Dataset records
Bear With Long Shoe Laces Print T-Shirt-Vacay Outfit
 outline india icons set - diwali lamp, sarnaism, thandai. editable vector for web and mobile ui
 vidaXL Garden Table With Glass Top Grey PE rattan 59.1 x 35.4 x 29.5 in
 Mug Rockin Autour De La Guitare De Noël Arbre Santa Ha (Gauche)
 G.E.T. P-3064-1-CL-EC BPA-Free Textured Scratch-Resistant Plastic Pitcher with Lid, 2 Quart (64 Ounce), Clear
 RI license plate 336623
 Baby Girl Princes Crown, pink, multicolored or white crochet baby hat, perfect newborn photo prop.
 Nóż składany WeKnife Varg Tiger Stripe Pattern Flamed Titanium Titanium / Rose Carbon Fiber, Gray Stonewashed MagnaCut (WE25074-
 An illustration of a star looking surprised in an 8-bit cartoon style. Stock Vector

[AIM OF THE TASK] Exactly and only the lines from the line containing "Nóż składany WeKnife" through the final line of the records above must be returned.

[ANSWER TO THIS PROBLEM]
 Nóż składany WeKnife Varg Tiger Stripe Pattern Flamed Titanium Titanium / Rose Carbon Fiber, Gray Stonewashed MagnaCut (WE25074-
 An illustration of a star looking surprised in an 8-bit cartoon style. Stock Vector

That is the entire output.